» **Work to complete**
Using only the entries below, output the lines starting at the one containing "Müller's Shieldtail" and ending at the one containing "Фотообои Мистер Кловер Пчелиная Пыльца", exactly and inclusive of both, omitting the pictures.

» **Recorded data**

--- START ---

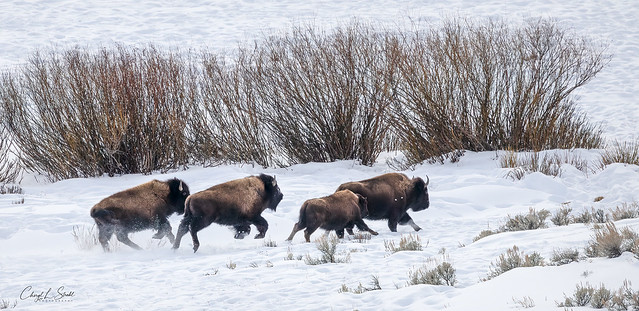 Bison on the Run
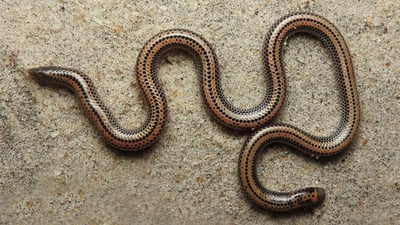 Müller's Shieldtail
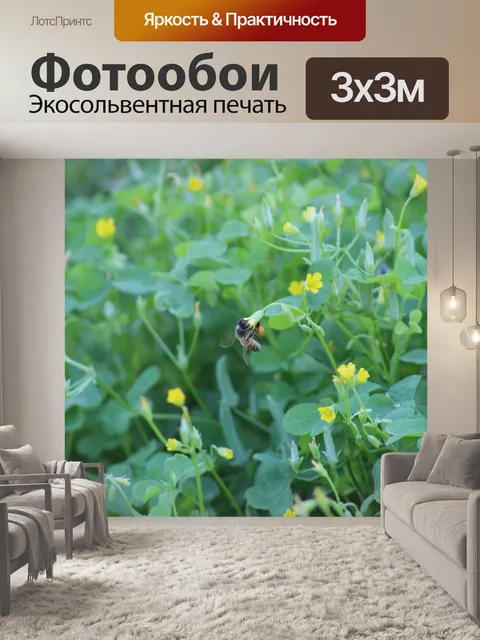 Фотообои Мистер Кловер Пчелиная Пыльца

--- END ---
--- START ---

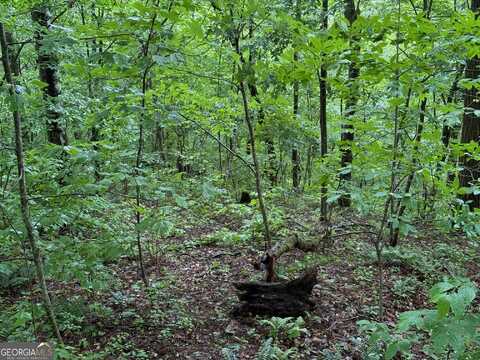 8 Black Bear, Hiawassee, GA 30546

--- END ---
--- START ---

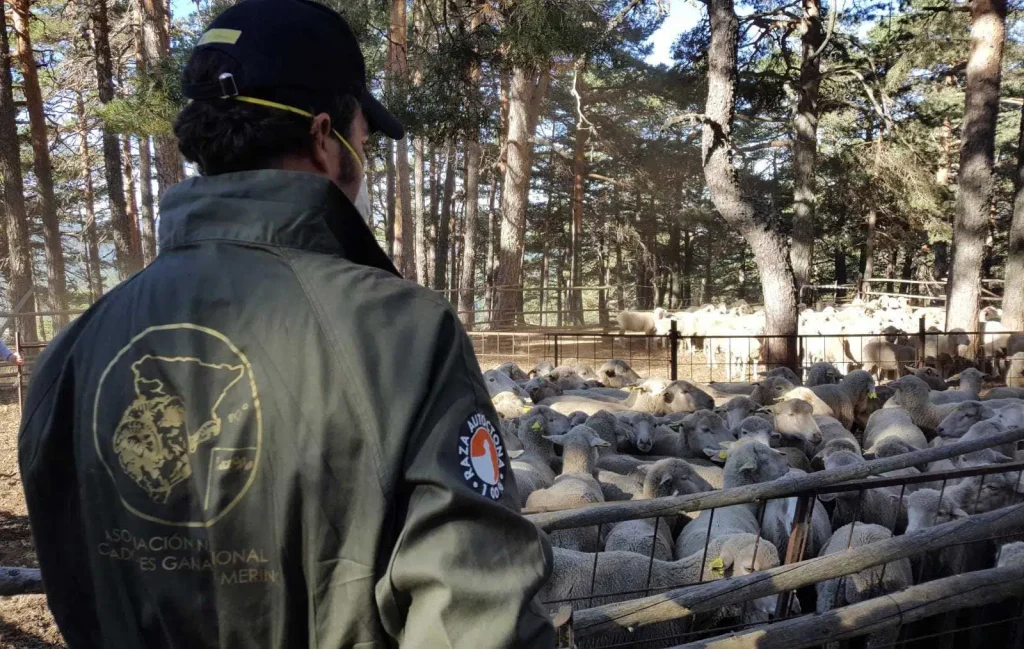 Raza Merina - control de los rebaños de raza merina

--- END ---

» **Completed exercise**
 Müller's Shieldtail
 Фотообои Мистер Кловер Пчелиная Пыльца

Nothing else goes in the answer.